## Try it
Exactly the lines from the one with "Fitted coat with" through the final line of the entries, and nothing else, should appear in the answer; no pictures go in it.

## Records contained in a dataset
'''
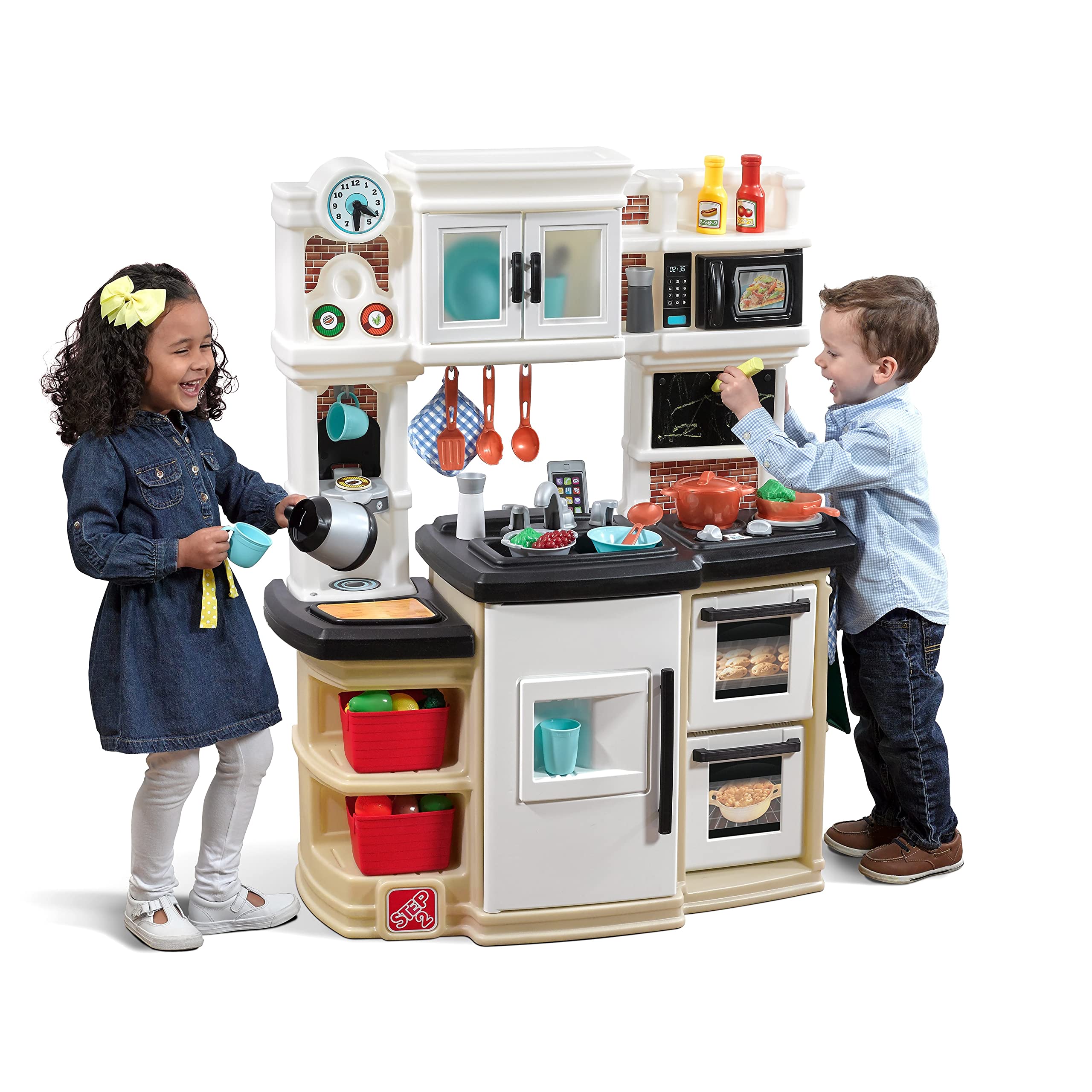 Step2 Great Gourmet Kids Kitchen Playset - Indoor/Outdoor Pretend Play Kitchen with Lights & Sounds - Durable Plastic Toy Kitchenette with 33 Accessories - Perfect for Toddlers Ages 3+ (Tan) - Ideal for Pretend Cooking, Role Play & Outdoor Backyard Fun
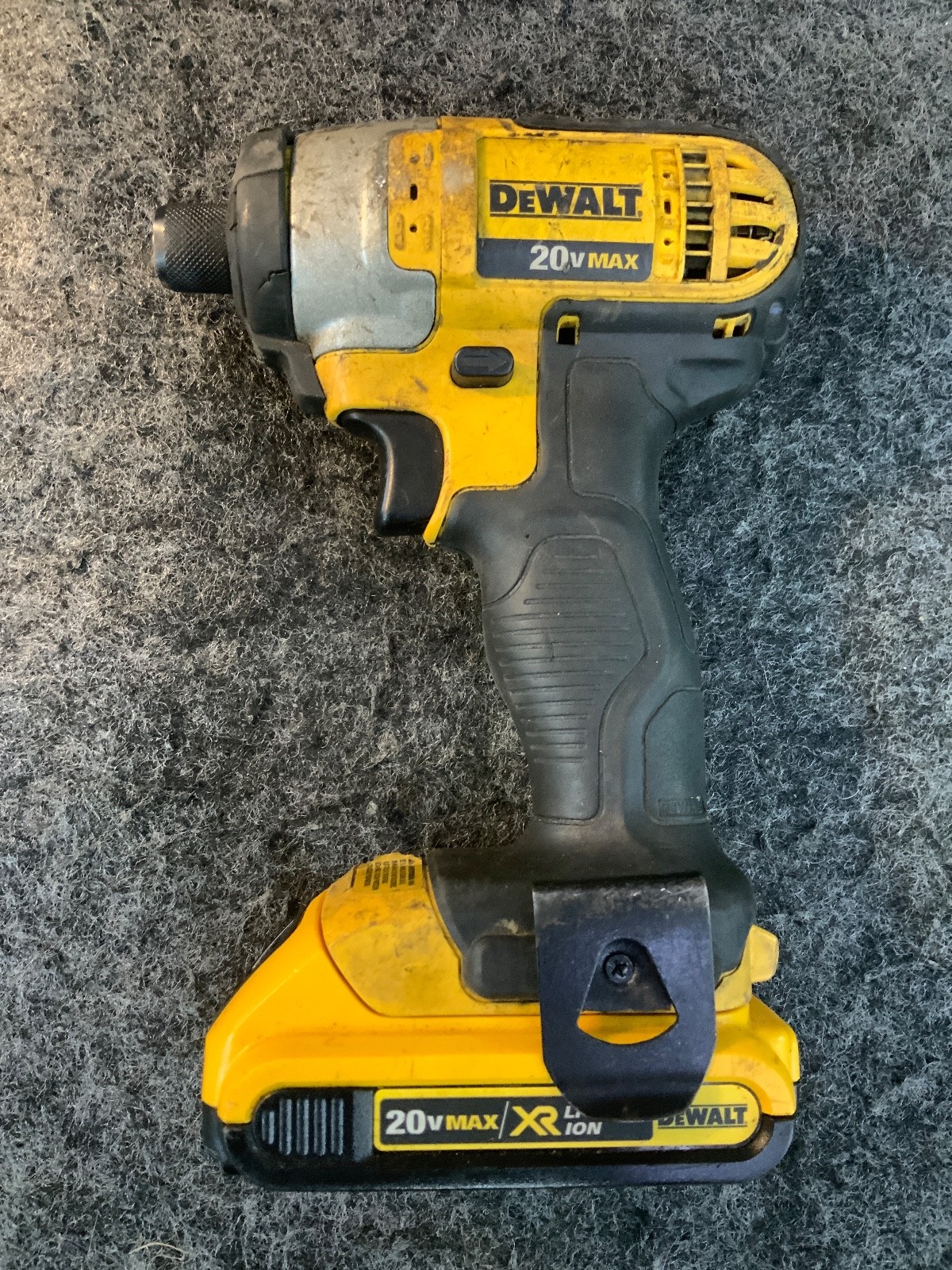 NEW DCF885 Dewalt 20V Max 1/4-in Compact Impact Driver DCF885B (Tool Only)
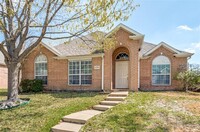 Building Photo - 11290 Balcones Dr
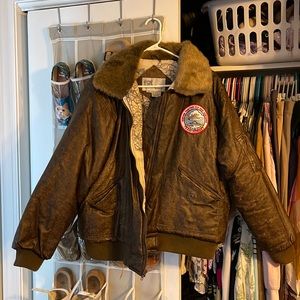Vintage 80’s aviator coat. Leather with fur collar.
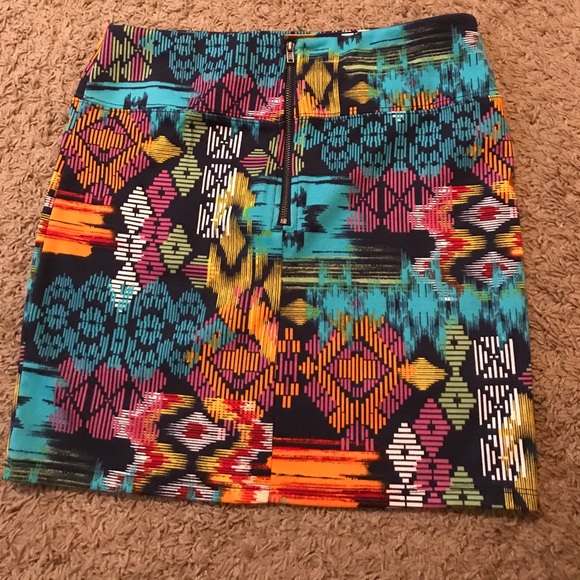 Mini skirt - Picture 2 of 3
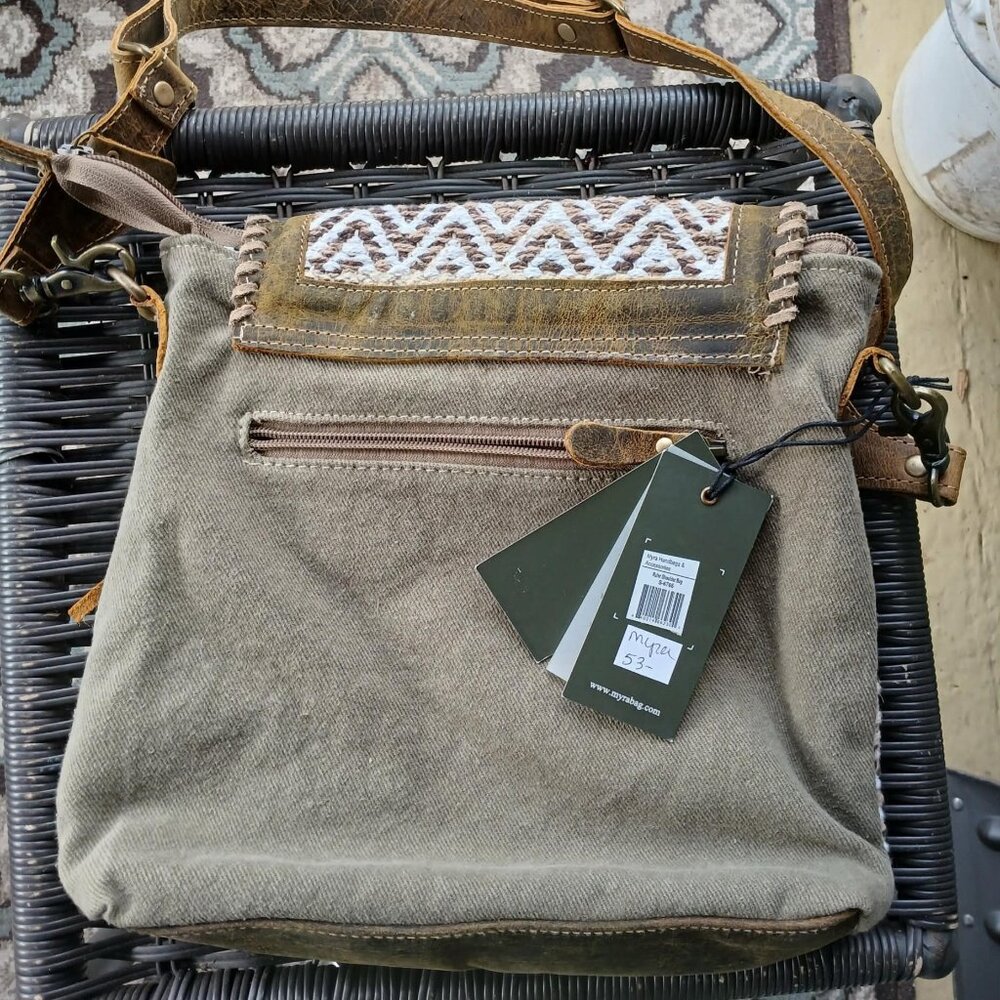 Myra Rater Shoulder Bag - Picture 2 of 3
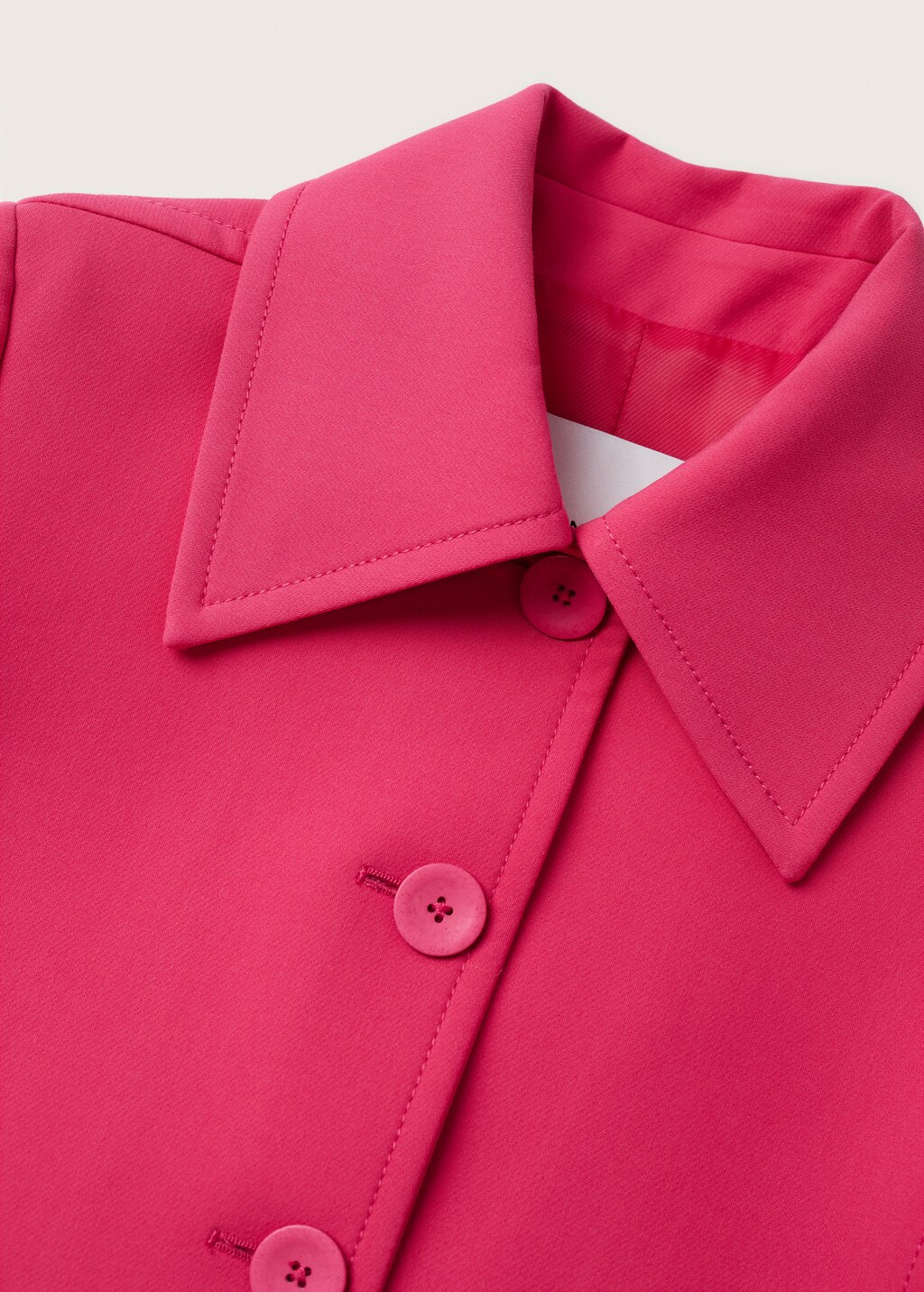 Fitted coat with buttons - Details of the article 8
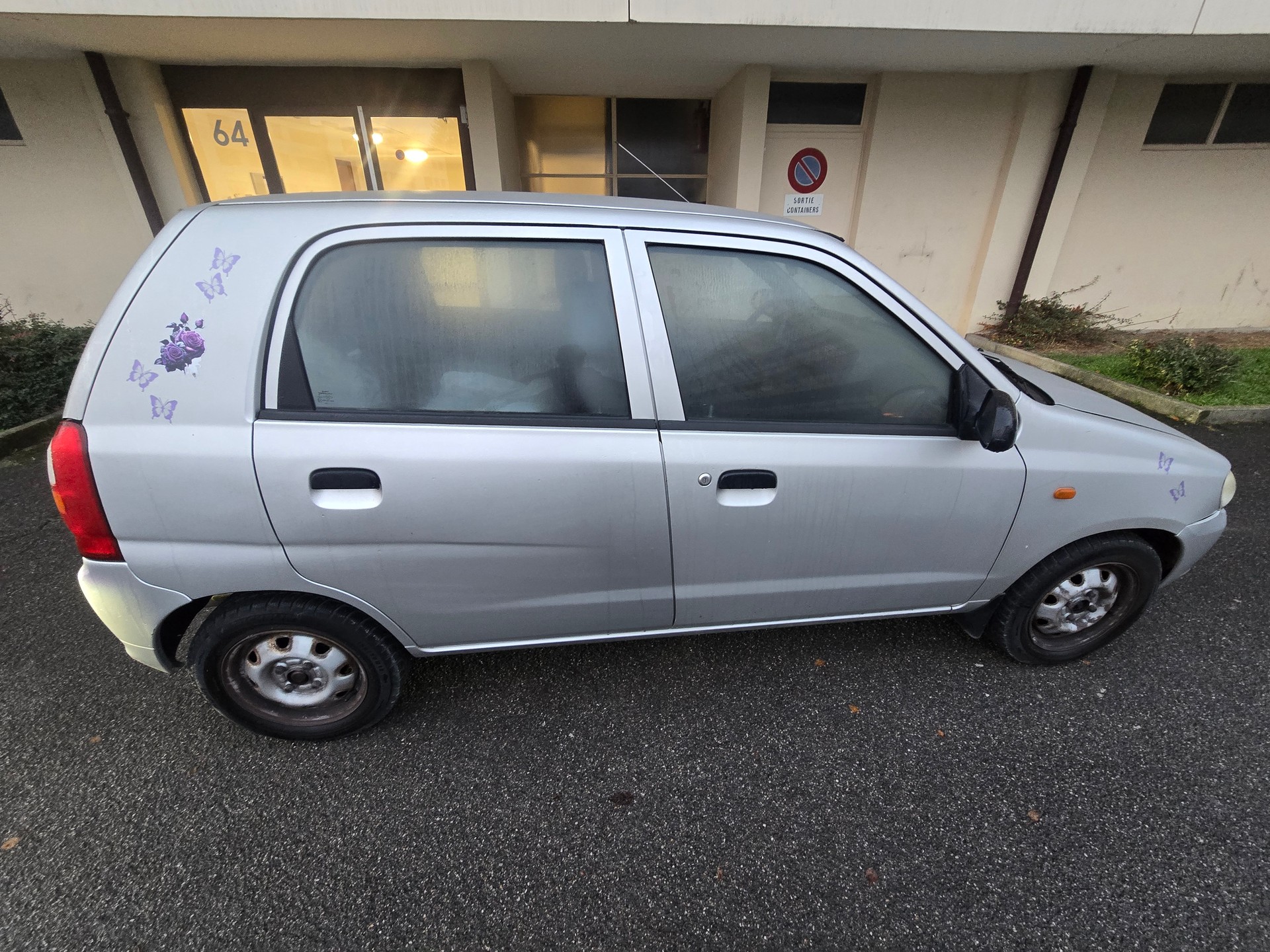 SUZUKI Alto 1.1 Top-image-2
'''
## Result of the exercise
 Fitted coat with buttons - Details of the article 8
 SUZUKI Alto 1.1 Top-image-2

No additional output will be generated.